▶ Stored data:
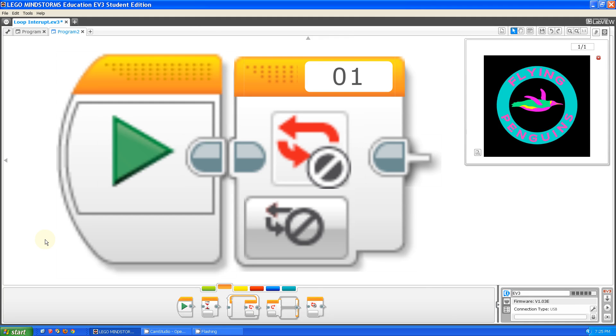Hello, this is Steve from the Fluorescent Flying Penguins. Today, I'm going to be talking about the new Loop Interrupt Block and what it does.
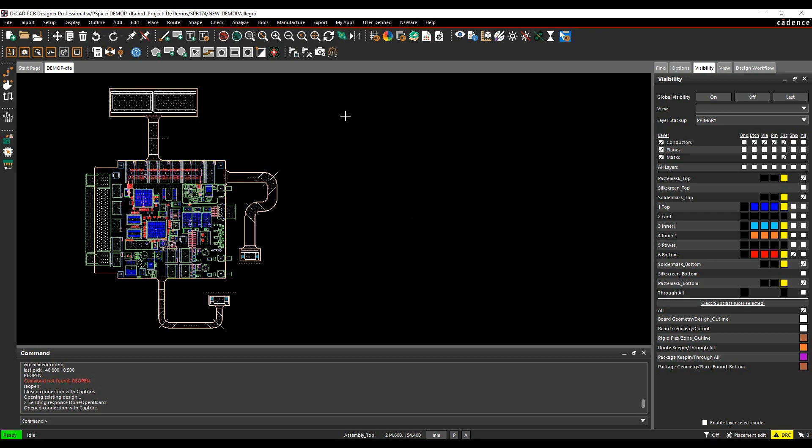Okay, this how-to video is going to go through some of the design for manufacture rules that are available inside the Cadence PCB tools, specifically some design for assembly rules that we have.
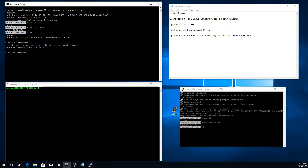So option three, as I said earlier, is only available to those of you who are running 64-bit Windows 10 machines, which most of you should be, is to enable the Linux subsystem. So you have to go into the programs or control panel and then programs and enable this option. And then you go to the Microsoft store and you download the Ubuntu app. That's what's running here in the bottom left corner.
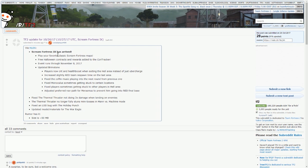But the Scream Fortress update has arrived, so it's not on the official Team Fortress page, it's literally just a post on Reddit. It says you can play your favourite classic Scream Fortress maps, so they're going to be back in the playlist again if you choose to play them.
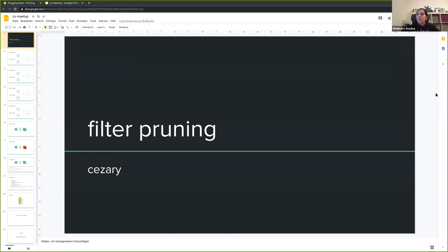Okay, so I think we can go ahead and get started. Welcome, everyone, thanks for joining another one of our AnyLine computer vision meetups. Today, Cesari is going to give a presentation on filter pruning. As you go through the presentation, feel free to unmute yourself and ask Cesari questions, or you can open up the chat and we can answer those questions at the end. So enjoy, and Cesari, I hand it over to you.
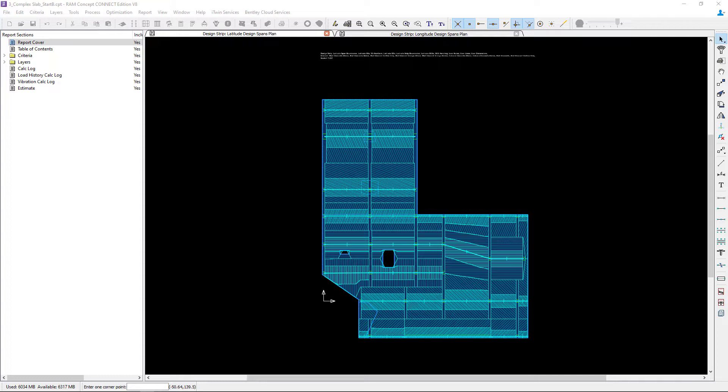Welcome to the Bentley Systems training course where you will learn how to model design strips for a complex slab example in RAM concept.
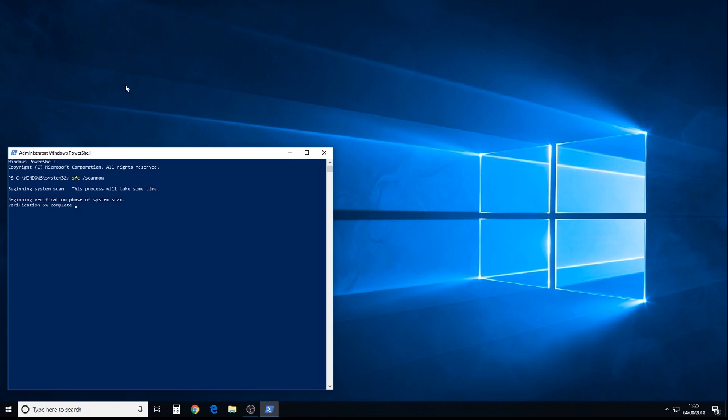What's actually happening here, the system file checker will use an embedded file deep hidden within the operating system, a compressed image file, which contains a healthy version of how the system should be. And if it finds corruptions, it will copy the files from that into your current system settings, and basically, this will fix 101 different things with Windows.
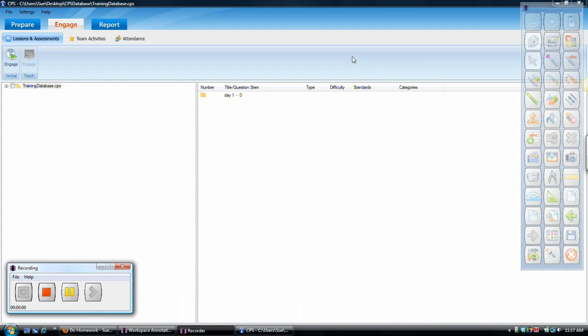All right, I have several programs open here. My goal is to work with my students interactively while I'm teaching. So I'll be teaching within the workspace software, which comes with the Mobi.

▶ How to complete this task:
Reproduce exactly, and only, the lines from the one containing "Okay, so I think" through the last line of the records above, both included, leaving out any pictures.

▶ Task result:
Okay, so I think we can go ahead and get started. Welcome, everyone, thanks for joining another one of our AnyLine computer vision meetups. Today, Cesari is going to give a presentation on filter pruning. As you go through the presentation, feel free to unmute yourself and ask Cesari questions, or you can open up the chat and we can answer those questions at the end. So enjoy, and Cesari, I hand it over to you.
Welcome to the Bentley Systems training course where you will learn how to model design strips for a complex slab example in RAM concept.
What's actually happening here, the system file checker will use an embedded file deep hidden within the operating system, a compressed image file, which contains a healthy version of how the system should be. And if it finds corruptions, it will copy the files from that into your current system settings, and basically, this will fix 101 different things with Windows.
All right, I have several programs open here. My goal is to work with my students interactively while I'm teaching. So I'll be teaching within the workspace software, which comes with the Mobi.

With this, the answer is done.